According to the findings, no difference was observed between the creatinine levels of the patients in the two groups (P=0.073), while the average white blood cell count was significantly lower in the patients of the intervention group (P=0.016). The findings show that the difference between the white blood cells between the two groups was on the third day (P=0.004) and the seventh day (P=0.009). The average serum glutamic-oxaloacetic transaminase test (SGOT) of patients in the intervention group was about 1.6 times higher than that of the control group, and this difference was significant (P=0.024). However, no difference was observed between the SGOT of patients in both control and intervention groups on the first and third days.
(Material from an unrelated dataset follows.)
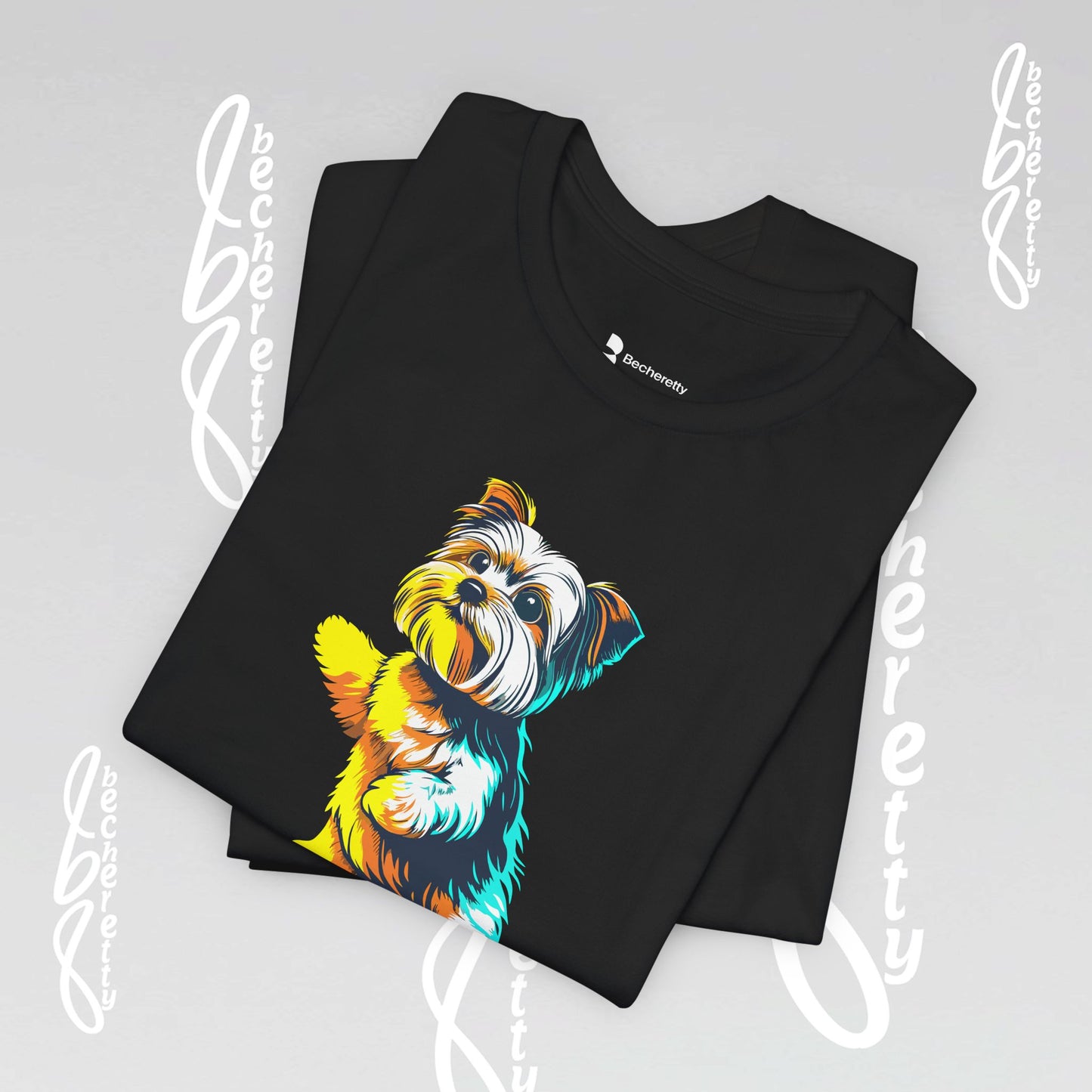 Yorkshire Graphic T-Shirt Becheretty - Artistic Design - Perfect gift for Yorkie Lovers - Casual Wear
In addition, the variance analysis of repeated data also did not manifest a significant difference between the two groups in terms of SGOT changes (0.313). In both groups, no significant difference was observed between the average SGPT (P=0.600) and ALK (P=0.203) during the hospitalization period of the patients.
This study discovered that the rate of blood pressure reduction (P=0.028) and death (P<0.001) was significantly lower in patients who received routine+curcumin treatment compared with the controls (Table 3).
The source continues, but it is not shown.